The Commonwealth's current fare evasion law sets large penalties for people who neglect or are unable to pay their fares: "$100 for a first offense; $200 for a second offense; or $600 for a third or subsequent offense" on the MBTA (from Section 101 of Chapter 159 of the Massachusetts General Laws).
And while these citations are described as "noncriminal," the law also states that fare evaders who fail to produce adequate identification to a Transit Police officer "shall be subject to arrest for fare evasion."
According to public records provided to the Conservation Law Foundation and Lawyers Committee for Civil Rights, 14 out of the 19 people (74 percent) who were arrested for fare evasion in 2018 were people of color, even though the majority of the MBTA's riders are white.

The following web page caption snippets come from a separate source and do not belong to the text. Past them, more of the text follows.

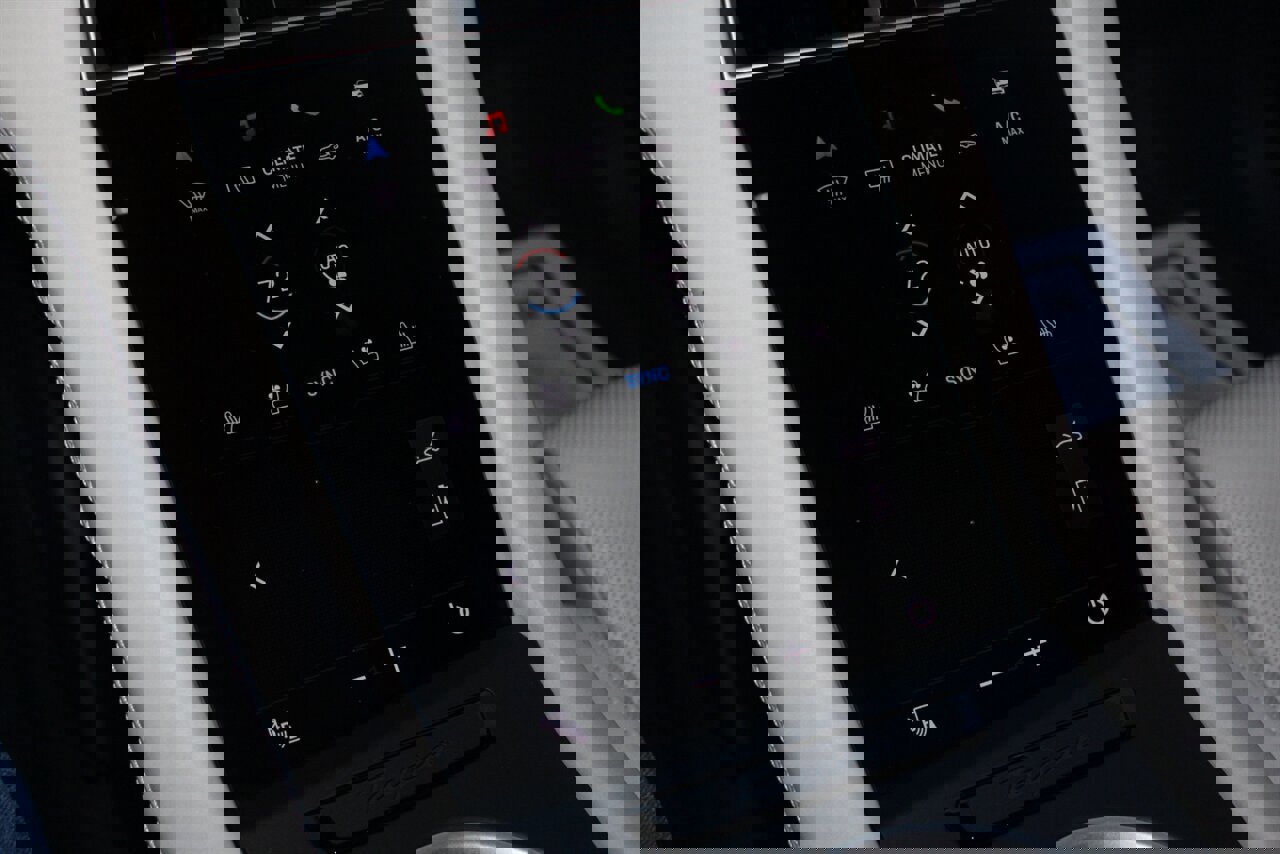 Used 2020 Porsche Taycan Turbo S image 8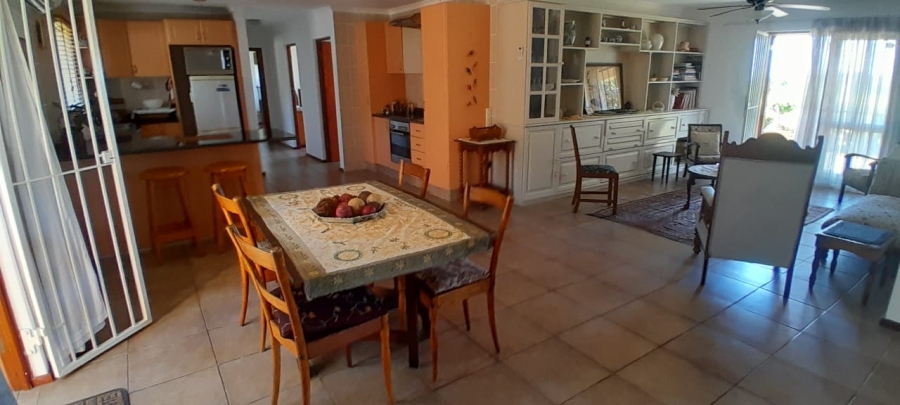 3 Bedroom Property for Sale in Umtentweni KwaZulu-Natal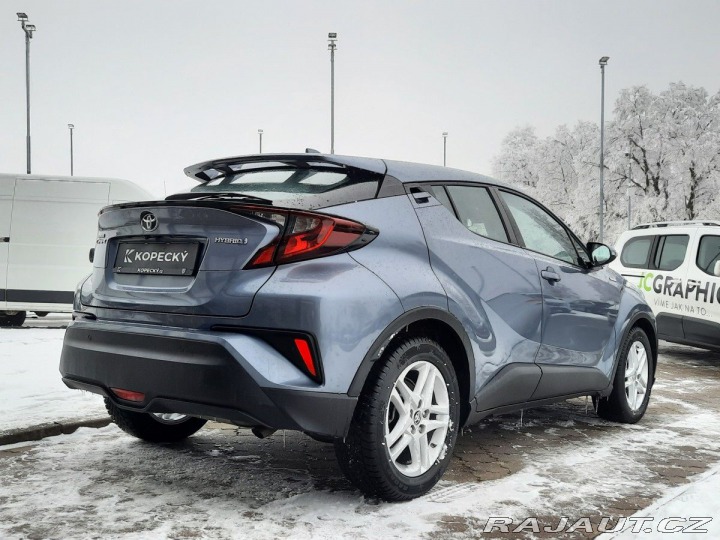 Toyota C-HR 1,8 HYBRID AUT 2021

"The fines are draconian. If you didn’t pay your $1.70 bus fare, you have to pay $100 for your first infraction," said Mela Bush-Miles, Director of transit-oriented development for Alternatives for Community and Environment, in a phone interview last week. "If you don’t pay for parking in the commuter rail parking lots, the fine is only one dollar (plus the unpaid parking fees). So who makes these rules?"
Massachusetts legislators make those rules, and this week, a conference committee working to resolve differences between the House and Senate drafts of the bill will have a chance to re-write them.
The Senate's version of the bond legislation explicitly states that "no person shall be subject to arrest for fare evasion on the transit system operated by the (MBTA)," and also reduces the fines for fare evasion to "not less than $10 or greater than $250," subject to regulations to be determined by the MBTA.
The Senate bill also authorizes the T to reduce fines or offer alternative means of payment for people who can't afford to pay. The bill does not address fare enforcement policies for regional transit authorities outside of the MBTA.
The House version of the bond bill, which passed in early March, includes none of this language, which leaves its fate in the hands of a bipartisan conference committee working to resolve differences in the two drafts.